Comment disposer d’un système de reporting à la fois utile et « économique » ?  

 

On observe 6 grandes tendances dans l’évolution de la réglementation bancaire :

  1. Au niveau mondial, un flot sans fin de nouvelles normes, guidelines, bonnes pratiques et recommandations
  2.  Au niveau européen, un recueil réglementaire, le Single Rulebook, toujours plus épais : Règlements/Directives (CRR/CRD IV, BRRD, …), standards techniques (RTS, ITS), Guidelines, Q&A, …
  3. A des formats (templates) de reporting très imparfaits (données agrégées et de nature différente, format figé, analyse limitée, validation à la sortie), une substitution de « cubes de données » (data cubes) plus sophistiqués (données plus granulaires et cohérentes, format évolutif, usage multiple de mêmes informations, analyse sans limite, validation des données à l’entrée) ; c’est sur ce schéma que sont bâtis les initiatives européennes AnaCredit, ERF (European Reporting Framework) ou BIRD (Banks’ Integrated Reporting Dictionnary)
  4. Une substitution d’obligations de reporting basées sur une réglementation (rule-based) par des obligations ad hoc
  5. L’importance croissante de l’agrégation des données de risque et des reportings, demandant aux banques plus d’agilité dans leur système d’information et la révision de la gestion en silos de risques ; c’est ainsi que les « Principes aux fins de l’agrégation des données sur les risques et de la notification des risques » (BCBS 239) ont été posés par le Groupe de travail du Comité de Bâle sur la surveillance bancaire des établissements d’importance systémique pour aboutir à un renforcement de la capacité des banques à agréger leurs données de risque
  6. Une réglementation qui contraint de façon croissante les business models des banques.

 

Il faut donc repenser la façon de concevoirles reportings réglementaires.

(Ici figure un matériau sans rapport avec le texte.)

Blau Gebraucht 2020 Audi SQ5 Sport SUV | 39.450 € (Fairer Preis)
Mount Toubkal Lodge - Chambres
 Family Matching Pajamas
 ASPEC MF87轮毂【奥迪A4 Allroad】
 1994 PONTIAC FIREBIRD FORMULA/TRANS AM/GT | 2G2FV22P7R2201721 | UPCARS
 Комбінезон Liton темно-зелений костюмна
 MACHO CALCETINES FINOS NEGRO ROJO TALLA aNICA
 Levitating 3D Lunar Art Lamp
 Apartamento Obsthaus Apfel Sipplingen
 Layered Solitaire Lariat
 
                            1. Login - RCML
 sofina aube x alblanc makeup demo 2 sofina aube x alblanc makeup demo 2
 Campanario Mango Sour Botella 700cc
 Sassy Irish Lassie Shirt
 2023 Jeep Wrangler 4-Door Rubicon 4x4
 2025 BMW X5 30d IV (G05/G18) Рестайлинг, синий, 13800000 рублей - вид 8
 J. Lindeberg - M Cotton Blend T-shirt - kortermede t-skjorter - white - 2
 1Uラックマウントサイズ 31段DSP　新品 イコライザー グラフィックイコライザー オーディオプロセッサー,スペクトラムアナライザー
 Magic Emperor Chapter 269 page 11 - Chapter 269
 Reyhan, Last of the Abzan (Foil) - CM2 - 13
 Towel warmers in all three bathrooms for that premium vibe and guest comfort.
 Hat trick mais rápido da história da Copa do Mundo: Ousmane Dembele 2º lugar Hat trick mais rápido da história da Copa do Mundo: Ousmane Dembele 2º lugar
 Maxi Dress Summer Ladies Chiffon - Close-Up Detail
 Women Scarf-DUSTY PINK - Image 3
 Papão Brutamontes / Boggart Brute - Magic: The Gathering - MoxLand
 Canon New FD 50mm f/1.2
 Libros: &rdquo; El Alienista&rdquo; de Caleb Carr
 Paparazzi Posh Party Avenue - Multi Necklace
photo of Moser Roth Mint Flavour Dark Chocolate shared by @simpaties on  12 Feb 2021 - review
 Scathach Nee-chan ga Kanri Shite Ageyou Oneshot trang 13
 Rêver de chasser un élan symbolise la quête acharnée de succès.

Les banques doivent maintenant pratiquer une véritable gestion réglementaire active (regulatory management) en optimisant leur production de reportings. Les banques centrales ont également un rôle essentiel à jouer dans la promotion de nouveaux modèles de « coopétition « (collaboration-compétition) dans les services financiers par la mise en place de modèles de reporting de données granulaires, en lien étroit avec l’industrie bancaire.

 

Johannes Turner 

Banque Nationale d’Autriche

 

La communauté bancaire autrichienne (Banque centrale et établissements bancaires) a initié il y a 5-6 ans une approche véritablement nouvelle.

 

A l’origine du projet se trouve le besoin de revoir le modèle de reporting face à une demande du régulateur plus importante, plus précise et donc plus complexe, et le constat d’une sous-optimisation des process (certaines données similaires de crédit sont par exemple collectées plus de 15 fois). Comment changer l’architecture du système ? En mutualisant l’information pour la rendre plus homogène, plus qualitative et donc plus sûre. Jusqu’alors, chaque institution bancaire avait sa propre définition et donc son propre reporting ; les reportings internes et externes ne correspondaient pas forcement.

 

Le besoin de données de qualité, homogènes et avec un coût abordable a conduit la Banque centrale autrichienne à repenser son modèle de reporting. C’est la construction de la plateforme AuRep commune à l’ensemble des banques autrichiennes, avec un système d’information construit en cubes, dans lesquels les données sont agrégées et analysées pour répondre à l’ensemble des demandes de reportings des superviseurs. Cela a nécessité de s’accorder sur des définitions communes avant même de parler de convergence des systèmes entre eux. Le dispositif, qui regroupait à l’origine 7 banques, couvre aujourd’hui plus 90% des banques autrichiennes.

 

Les avantages de la démarche sont multiples : 1) obtenir des données intégrées sur l’ensemble de l’industrie dans un temps considérablement réduit ; 2) permettre une centralisation des données quelque soit leur nature, qui facilite la vérification et les procédures de correction et aboutisse à une qualité de la donnée nettement meilleure ; 3) permettre de répondre à une granularité plus grande sans être obligé de redemander des reportings supplémentaires aux banques ; 4) constituer une seule interface pour la Banque centrale.

 

Le projet comportait tout de même différents risques, notamment un coût initial important, et la difficulté de définir un langage et des définitions communs aux établissements et à la banque centrale.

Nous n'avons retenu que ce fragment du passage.